### WHAT THE TASK REQUIRES
Below are records to retype exactly, except for the pictures.

-------- RECORDS SUPPLIED

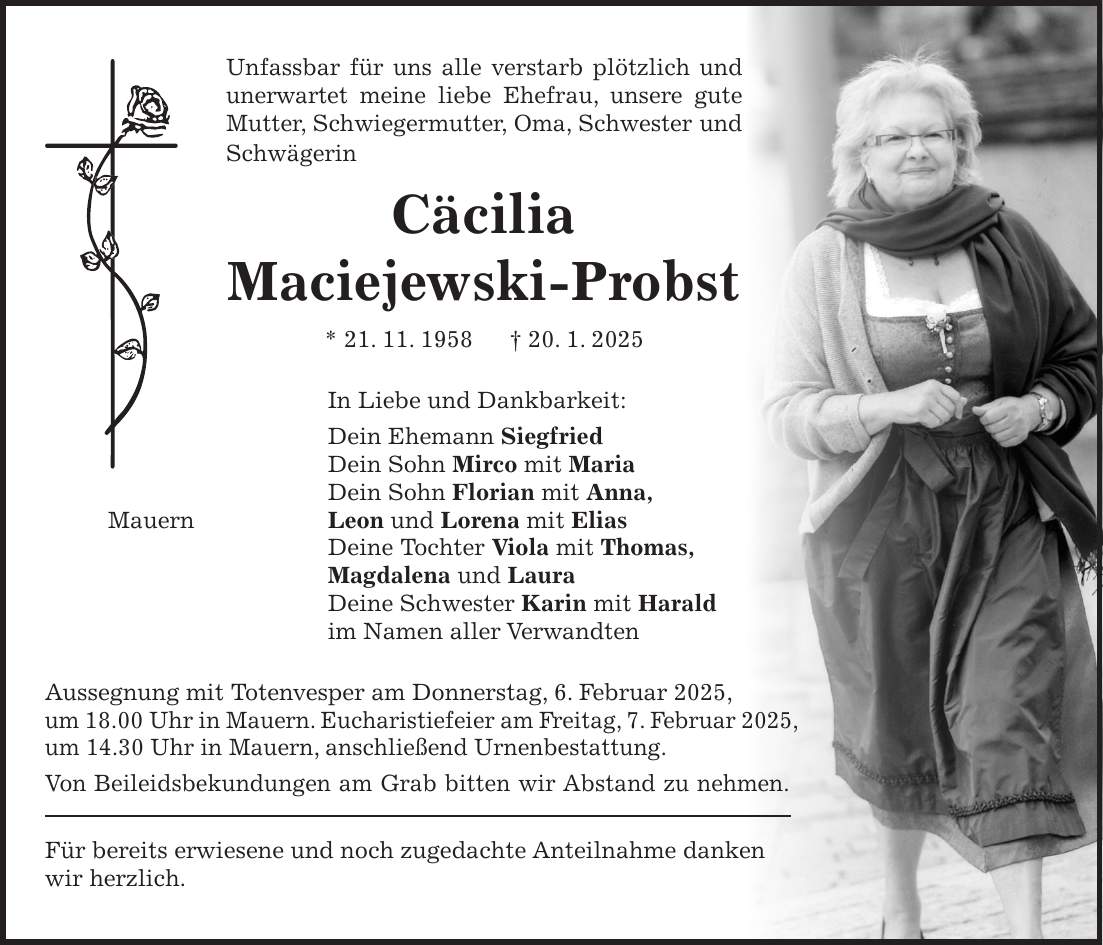 Unfassbar für uns alle verstarb plötzlich und unerwartet meine liebe Ehefrau, unsere gute Mutter, Schwiegermutter, Oma, Schwester und Schwägerin Cäcilia Maciejewski-Probst * 21. 11. 1958 + 20. 1. 2025 In Liebe und Dankbarkeit: Dein Ehemann Siegfried Dein Sohn Mirco mit Maria Dein Sohn Florian mit Anna, Mauern Leon und Lorena mit Elias Deine Tochter Viola mit Thomas, Magdalena und Laura Deine Schwester Karin mit Harald im Namen aller Verwandten Aussegnung mit Totenvesper am Donnerstag, 6. Februar 2025, um 18.00 Uhr in Mauern. Eucharistiefeier am Freitag, 7. Februar 2025, um 14.30 Uhr in Mauern, anschließend Urnenbestattung. Von Beileidsbekundungen am Grab bitten wir Abstand zu nehmen. Für bereits erwiesene und noch zugedachte Anteilnahme danken wir herzlich.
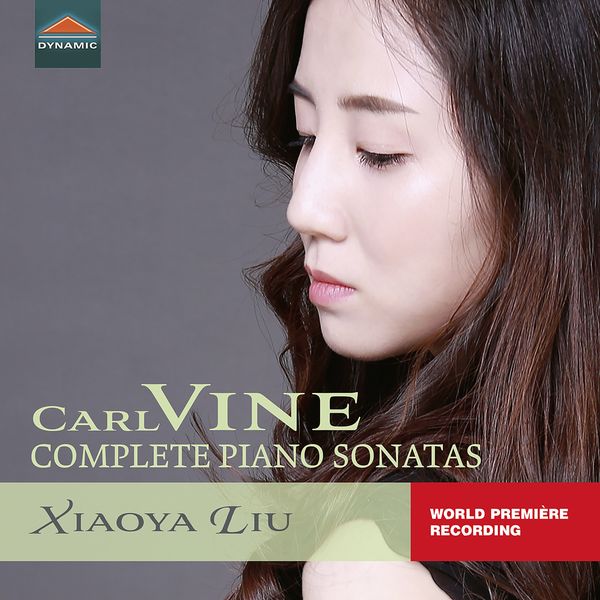 Complete Piano Sonatas / Xiaoya Liu, Piano.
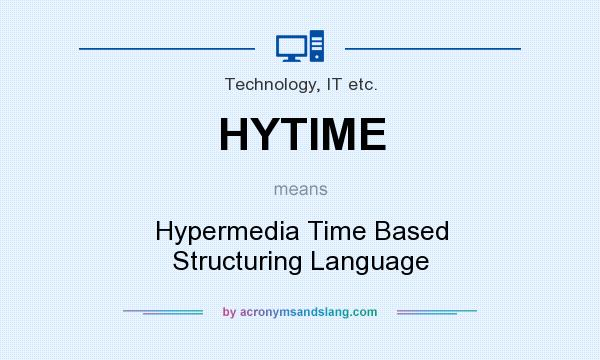 What does HYTIME mean? It stands for Hypermedia Time Based Structuring Language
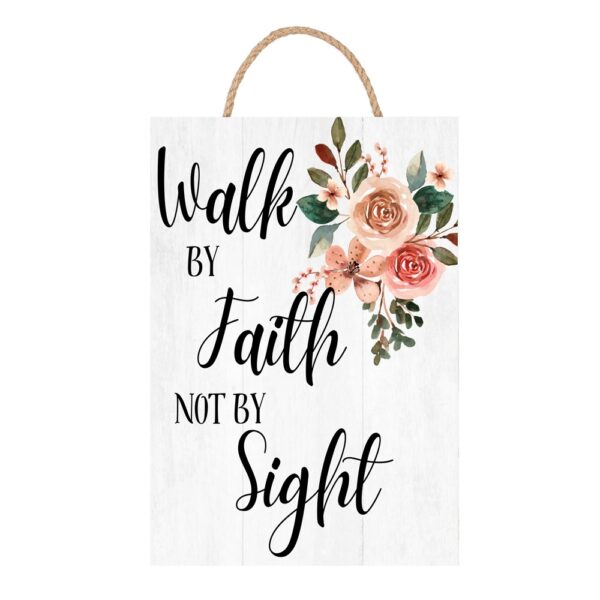 Walk By Faith Rope Sign 7x10 460 1408 0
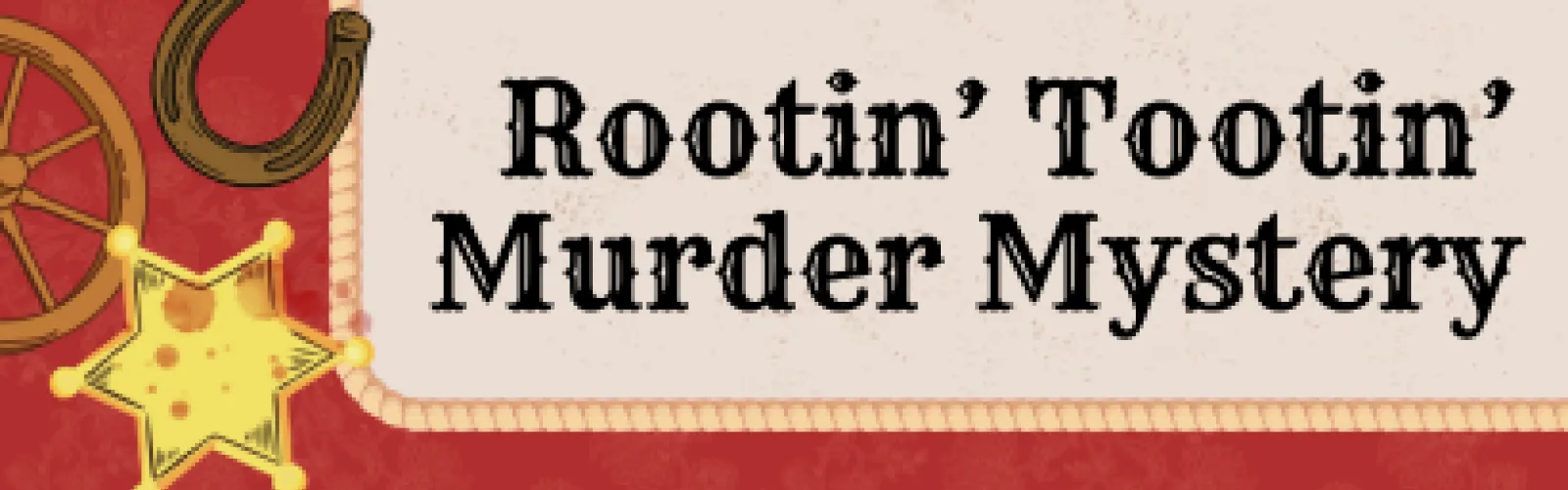 Rootin' Tootin' Murder Mystery program notice for Mt. Orab Library.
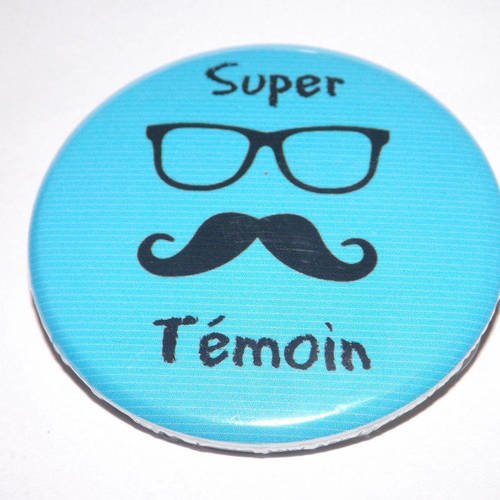 1 magnet taille 58 mm  super témoin,mariage,moustache lunette bleu 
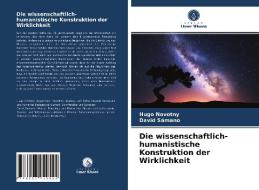 Die wissenschaftlich-humanistische Konstruktion der Wirklichkeit di Hugo Novotny, David Sámano edito da Verlag Unser Wissen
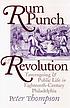 Rum Punch and Revolution Taverngoing and Public... by Peter Thompson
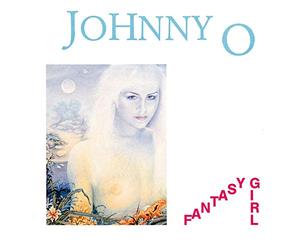 Johnny O - Fantasy Girl
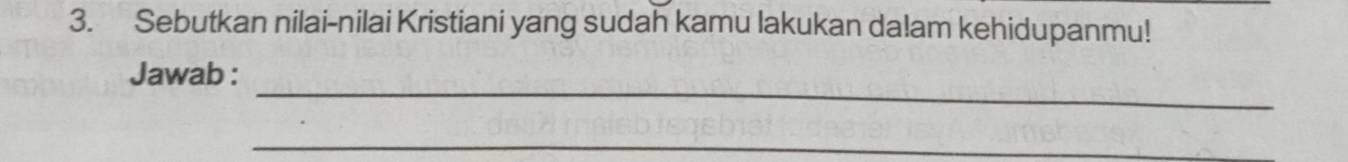 Sebutkan nilai-nilai Kristiani yang sudah kamu lakukan dalam kehidupanmu! 
_ 
Jawab : 
_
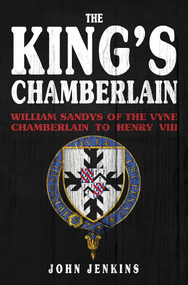 The King's Chamberlain (William Sandys of Vyne, Chamberlain to Henry VIII) by John Jenkins, 9781398102811
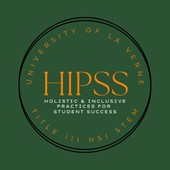 TITLE III HSI STEM GRANT: Holistic and Inclusive Practices for Student Success (HIPSS)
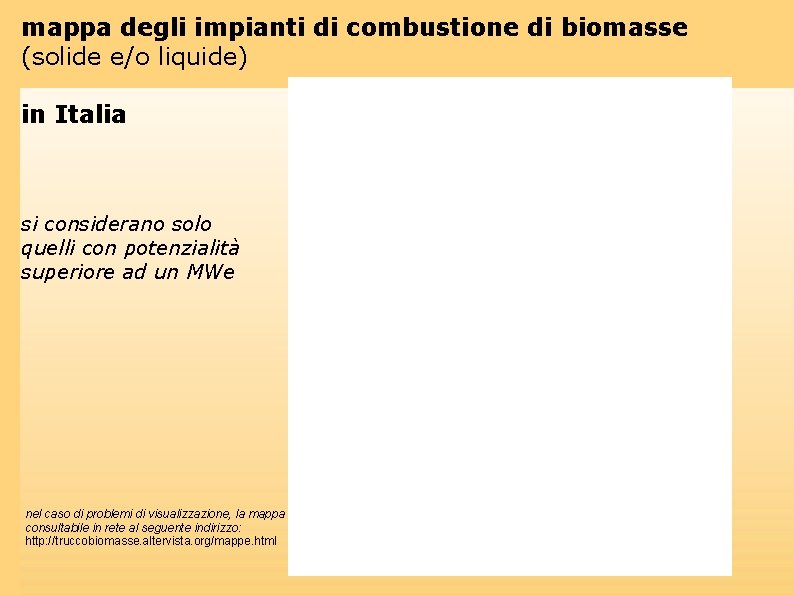 mappa degli impianti di combustione di biomasse (solide e/o liquide) in Italia si considerano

----------------

### FINISHED TASK
 Unfassbar für uns alle verstarb plötzlich und unerwartet meine liebe Ehefrau, unsere gute Mutter, Schwiegermutter, Oma, Schwester und Schwägerin Cäcilia Maciejewski-Probst * 21. 11. 1958 + 20. 1. 2025 In Liebe und Dankbarkeit: Dein Ehemann Siegfried Dein Sohn Mirco mit Maria Dein Sohn Florian mit Anna, Mauern Leon und Lorena mit Elias Deine Tochter Viola mit Thomas, Magdalena und Laura Deine Schwester Karin mit Harald im Namen aller Verwandten Aussegnung mit Totenvesper am Donnerstag, 6. Februar 2025, um 18.00 Uhr in Mauern. Eucharistiefeier am Freitag, 7. Februar 2025, um 14.30 Uhr in Mauern, anschließend Urnenbestattung. Von Beileidsbekundungen am Grab bitten wir Abstand zu nehmen. Für bereits erwiesene und noch zugedachte Anteilnahme danken wir herzlich.
 Complete Piano Sonatas / Xiaoya Liu, Piano.
 What does HYTIME mean? It stands for Hypermedia Time Based Structuring Language
 Walk By Faith Rope Sign 7x10 460 1408 0
 Rootin' Tootin' Murder Mystery program notice for Mt. Orab Library.
 1 magnet taille 58 mm  super témoin,mariage,moustache lunette bleu 
 Die wissenschaftlich-humanistische Konstruktion der Wirklichkeit di Hugo Novotny, David Sámano edito da Verlag Unser Wissen
 Rum Punch and Revolution Taverngoing and Public... by Peter Thompson
 Johnny O - Fantasy Girl
 Sebutkan nilai-nilai Kristiani yang sudah kamu lakukan dalam kehidupanmu! 
_ 
Jawab : 
_
 The King's Chamberlain (William Sandys of Vyne, Chamberlain to Henry VIII) by John Jenkins, 9781398102811
 TITLE III HSI STEM GRANT: Holistic and Inclusive Practices for Student Success (HIPSS)
 mappa degli impianti di combustione di biomasse (solide e/o liquide) in Italia si considerano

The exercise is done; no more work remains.